An expert specialist with the Supreme Medical Council on Epidemic Threats and Head of the Infection Prevention Institute notes on Twitter that such a hybrid virus has the ability to bypass the immune system and infect lung cells, which could lead to a more severe course of the disease.

The discovery was made by virologists from the University of Glasgow in Scotland, as reported in the latest issue of Nature Microbiology. They stress that when combined with RSV, the influenza A virus used in the experiment shows the ability to escape neutralizing antibodies. At least this was the case during observation under laboratory conditions.

Respiratory infections with more than one virus are very common – and it is unclear what the possible consequences are. According to the study authors, this joint infection occurs in 10-30 percent. Cases of this type of viral infection are more common in children. The disease may then be more severe, but this is not always the case with the results of clinical observations.

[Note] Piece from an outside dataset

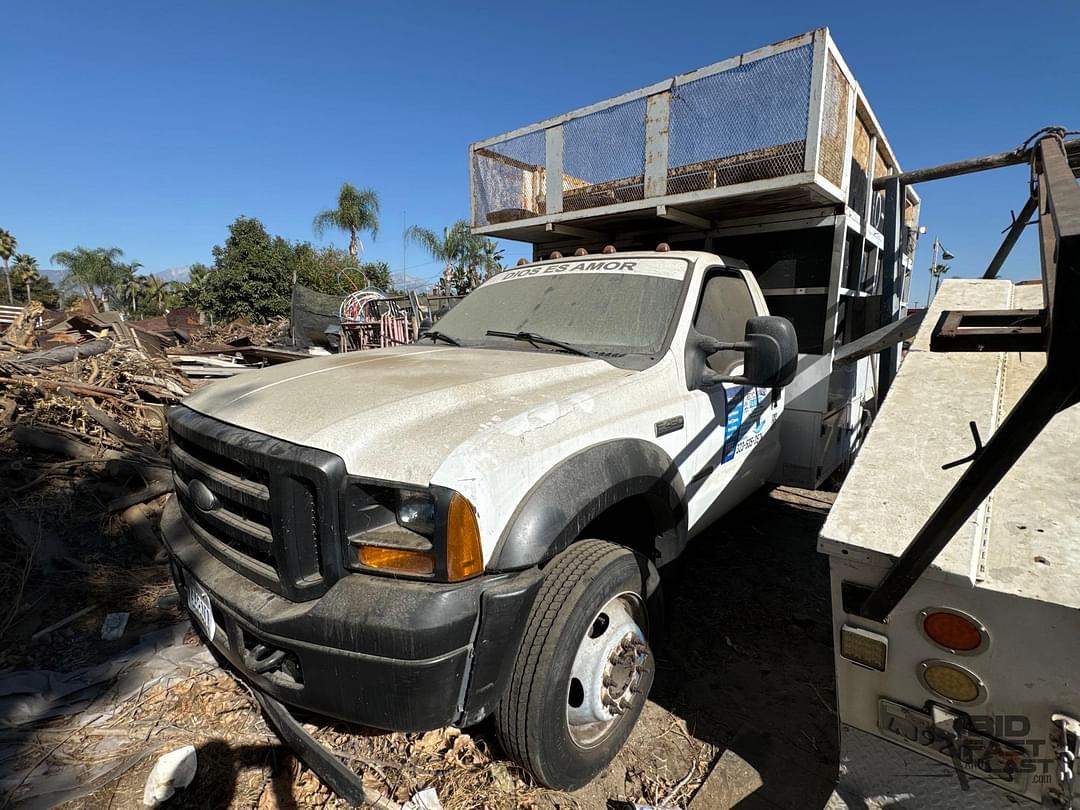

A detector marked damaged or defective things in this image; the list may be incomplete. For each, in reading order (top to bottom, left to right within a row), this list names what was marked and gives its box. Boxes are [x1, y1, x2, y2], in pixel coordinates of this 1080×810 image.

rusty metal rack [852, 129, 1080, 620]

“Influenza virus – due to fusion with RSV – may become more dangerous”

One of the study’s authors, Pablo Murcia of the University of Glasgow’s Center for Virus Research, admitted in a press release that it was surprising how cells form virus particles, in this case two different pathogens. The influenza A virus tested was able to bypass the antibodies that target it using proteins obtained from the RSV virus, which usually infects young children up to the age of five.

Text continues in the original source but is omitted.